New Delhi: In an important ruling on use of amplifying devices for religious purposes, the Allahabad High Court on Friday held that use of loudspeakers is not an integral part of Azaan or necessary for making Azaan effective since other citizens have a right to not hear what they do not want.
"It cannot be said that a citizen should be coerced to hear anything which he does not like or which he does not require, since it amounts to taking away the fundamental right of other persons...No one has got the right to make other persons captive listeners," said the High Court bench headed by Justice Shashi Kant Gupta.
The court held that there is no constitutional protection to use of loudspeakers for Azaan since "no person has right to take away the right of others" and "use of microphones certainly takes away the right of the citizens to speak with others, their right to read or think or the right to sleep."

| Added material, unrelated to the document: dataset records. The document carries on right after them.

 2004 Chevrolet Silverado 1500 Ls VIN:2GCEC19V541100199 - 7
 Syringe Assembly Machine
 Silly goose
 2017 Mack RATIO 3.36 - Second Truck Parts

The bench said that Azaan may be an essential and integral part of Islam but recitation of Azan through loud-speakers or other sound amplifying devices cannot be said to be an integral part of the religion warranting protection of the fundamental right enshrined under Article 25 of the Constitution of India, which is even otherwise subject to public order, morality or health and to other provisions of part III of the Constitution of India.
"Thus, it cannot be said that a citizen should be coerced to hear anything which he does not like or which he does not require since it amounts to taking away the fundamental right of other persons," it underscored.
The bench was dealing with a clutch of petitions, filed by Lok Sabha MP Afzal Ansari, Congress leader and senior advocate Salman Khurshid and another senior lawyer SWA Qadri.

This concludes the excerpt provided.